> **How to complete this task**
In the material below, find the line with "office space featuring" and the line with "A bedroom with", then output both and every line between them exactly, omitting pictures.

> **Data extracts**
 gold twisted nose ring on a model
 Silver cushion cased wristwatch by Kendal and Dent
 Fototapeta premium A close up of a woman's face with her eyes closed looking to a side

---

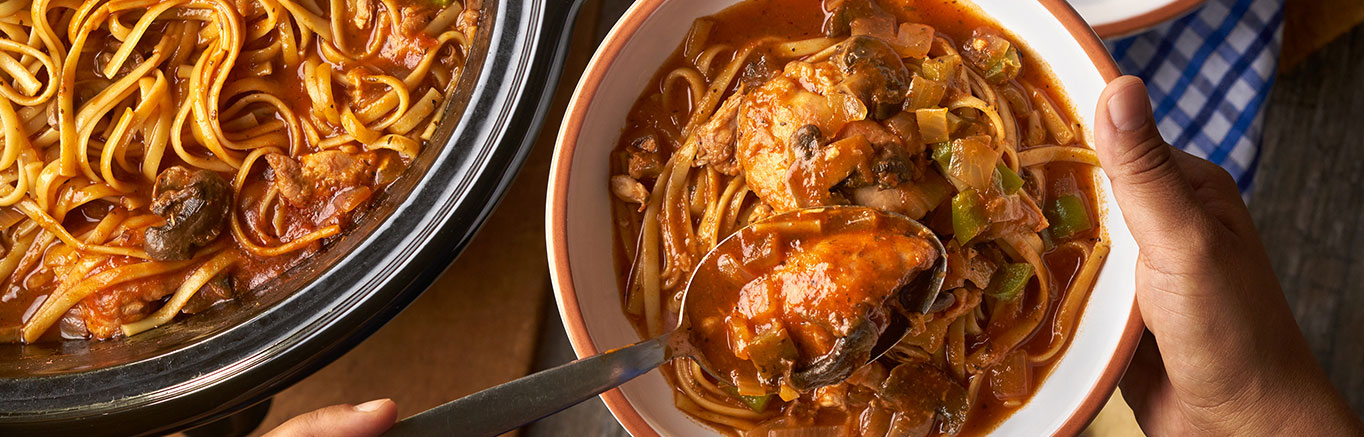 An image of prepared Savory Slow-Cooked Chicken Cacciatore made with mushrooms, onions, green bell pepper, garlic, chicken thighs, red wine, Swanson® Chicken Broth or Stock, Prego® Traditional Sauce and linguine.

---

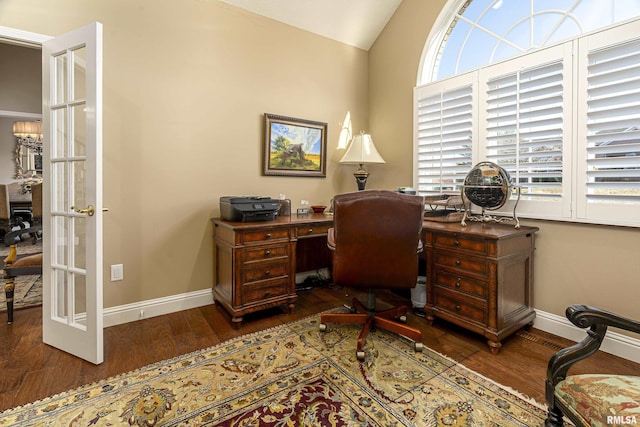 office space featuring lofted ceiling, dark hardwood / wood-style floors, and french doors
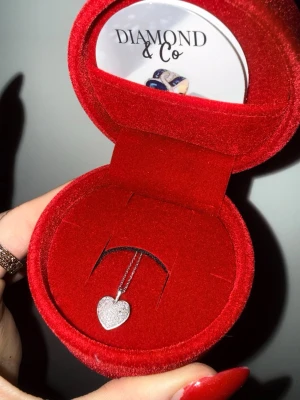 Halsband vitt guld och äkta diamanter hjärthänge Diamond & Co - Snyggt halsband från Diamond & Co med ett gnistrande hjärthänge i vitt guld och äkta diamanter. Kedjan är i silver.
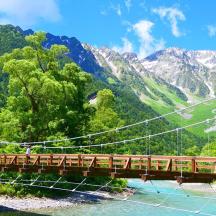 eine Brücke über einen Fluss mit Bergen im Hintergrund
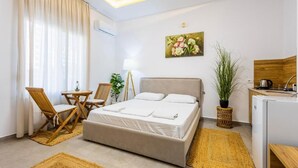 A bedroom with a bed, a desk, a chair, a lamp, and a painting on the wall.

> **Exercise answer**
 office space featuring lofted ceiling, dark hardwood / wood-style floors, and french doors
 Halsband vitt guld och äkta diamanter hjärthänge Diamond & Co - Snyggt halsband från Diamond & Co med ett gnistrande hjärthänge i vitt guld och äkta diamanter. Kedjan är i silver.
 eine Brücke über einen Fluss mit Bergen im Hintergrund
 A bedroom with a bed, a desk, a chair, a lamp, and a painting on the wall.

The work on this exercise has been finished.